OBJECTIVES: To compare and contrast clinical characteristics and outcomes of hepatoblastoma or hepatocellular carcinoma in paediatric patients.

DESIGN: Retrospective study.

SETTING: University teaching hospital, Hong Kong.

PATIENTS AND METHODS: Medical records of 22 paediatric patients with hepatoblastoma (n=11) or hepatocellular carcinoma (n=11) admitted to Queen Mary Hospital between 1989 and 2000 were reviewed. Data gathered included demographic data, results of liver function tests, hepatitis A, B, and C titres, and alpha-foetoprotein levels, and imaging studies including chest X-ray, ultrasound study, computed tomography scan, and magnetic resonance imaging/hepatic angiogram for tumour staging and resectability.

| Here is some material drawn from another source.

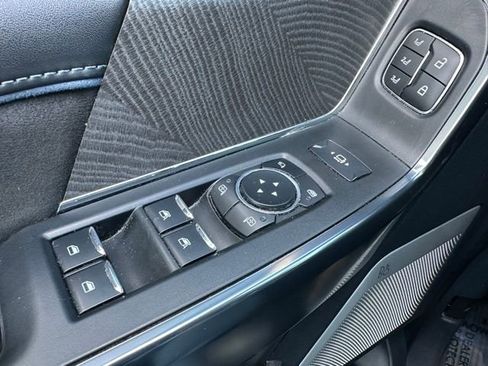 Certified 2025 Ford F250 Platinum AWD/4WD image 29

RESULTS: The mean age of patients with hepatoblastoma was 18 months (range, 5 months to 3 years), while that of patients with hepatocellular carcinoma was 10.2 years (range, 2 to 16 years). Females predominated in the hepatoblastoma group (female:male, 8:3) and males in the hepatocellular carcinoma group (male:female, 10:1). None of the patients with hepatoblastoma were hepatitis B surface antigen positive, in contrast to 64% of the hepatocellular carcinoma group. Only 45% of the hepatocellular carcinomas were resectable at presentation and this figure remained unchanged following chemotherapy. A total of 91% of hepatoblastomas were resectable, four at presentation, and a further six after chemotherapy. Tumour rupture was more common in patients with hepatoblastoma than in those with hepatocellular carcinoma (36% versus 9% of cases, respectively). Mortality rates were considerably higher among the hepatocellular carcinoma group than the hepatoblastoma group in this series.

CONCLUSION: Childhood hepatoblastoma and hepatocellular carcinoma differ with respect to age and tumour stage at presentation, hepatatis B surface antigen status, tendency to rupture, chemosensitivity, and prognosis.